-- Opening Marker --

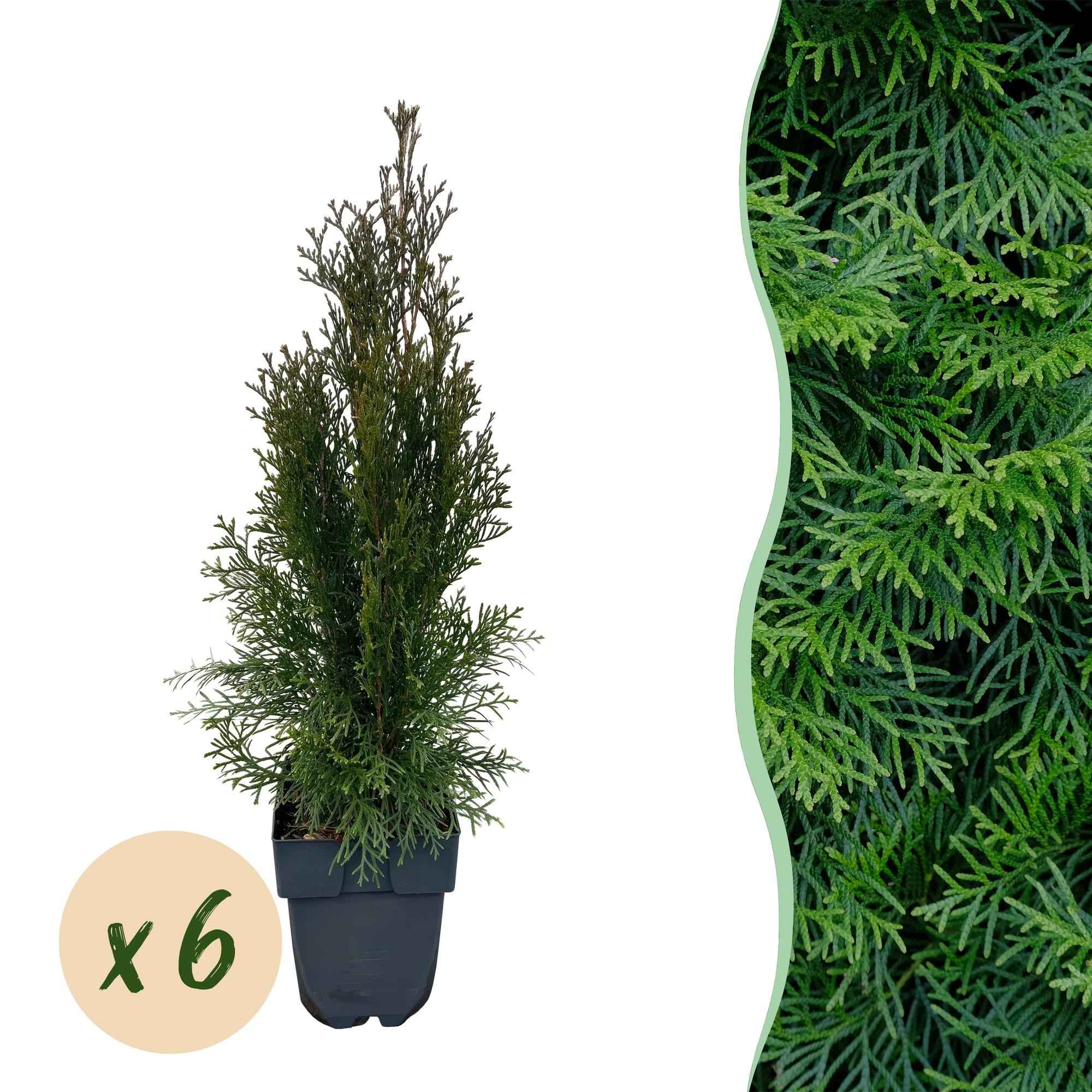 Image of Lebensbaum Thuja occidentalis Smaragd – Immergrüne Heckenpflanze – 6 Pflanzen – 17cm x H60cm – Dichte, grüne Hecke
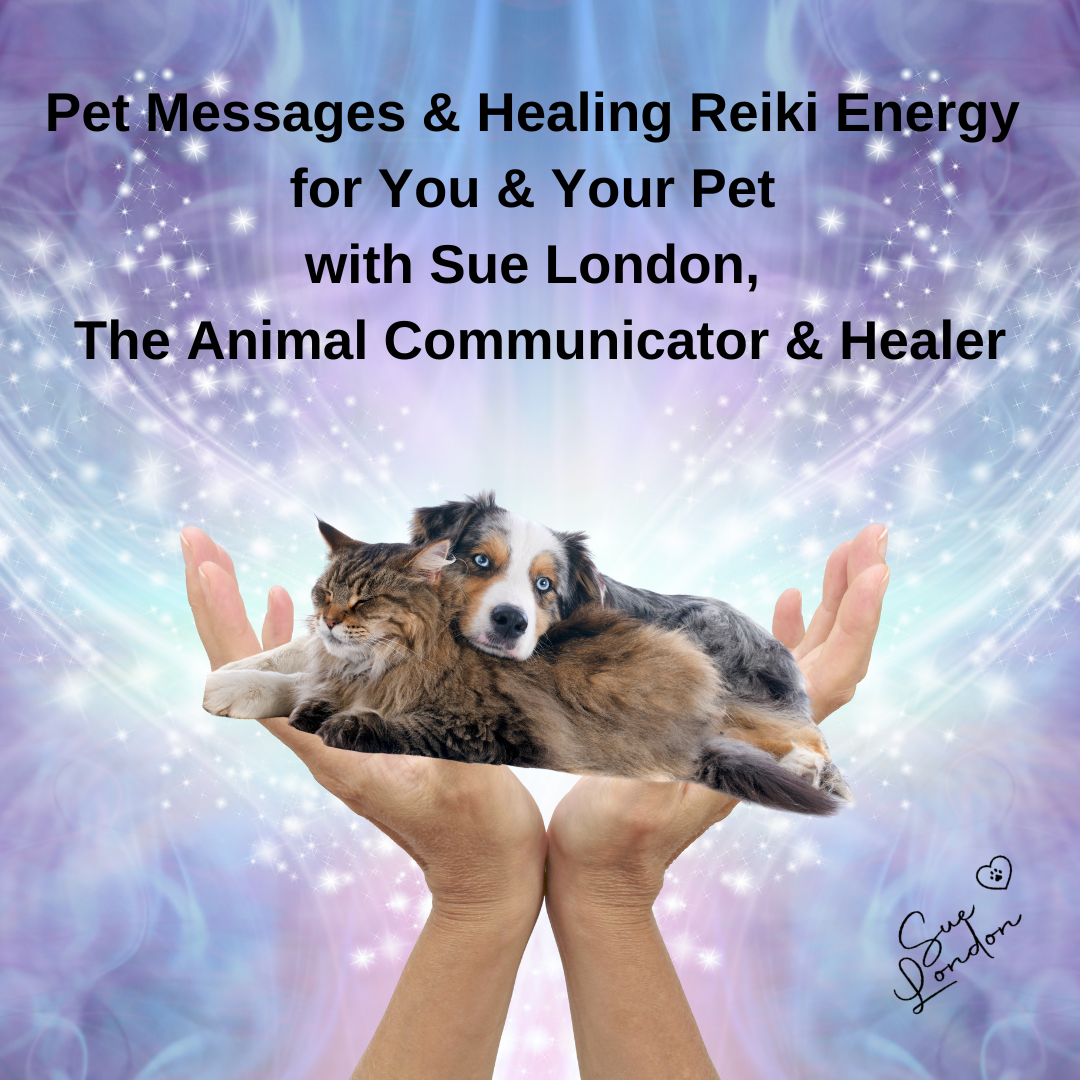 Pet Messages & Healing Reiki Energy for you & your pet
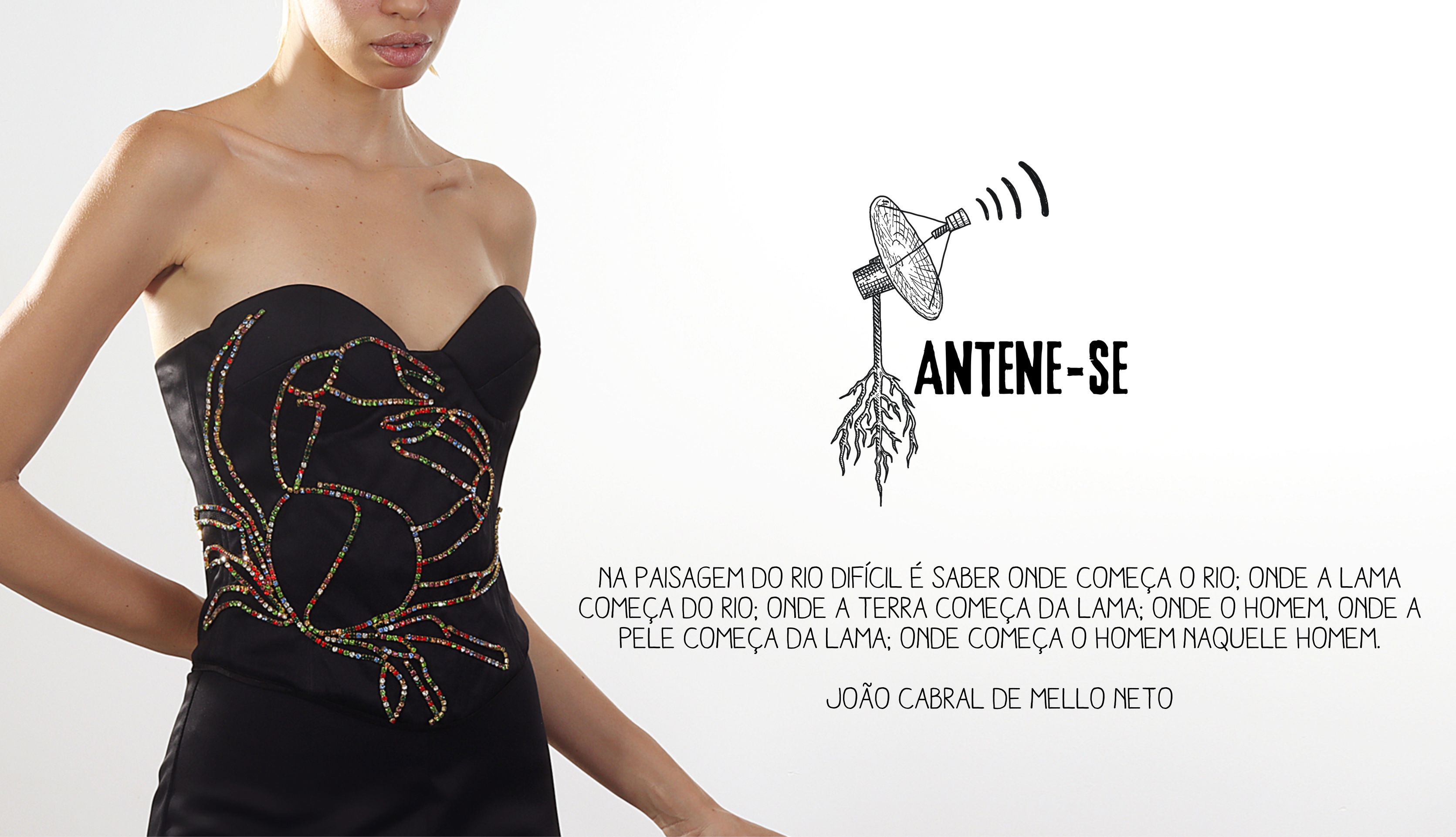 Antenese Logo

-- Closing Marker --

PROMPT :: Please keep every line of the data the same when you reproduce it, and keep every picture out.

WRITTEN REPLY ::
 Image of Lebensbaum Thuja occidentalis Smaragd – Immergrüne Heckenpflanze – 6 Pflanzen – 17cm x H60cm – Dichte, grüne Hecke
 Pet Messages & Healing Reiki Energy for you & your pet
 Antenese Logo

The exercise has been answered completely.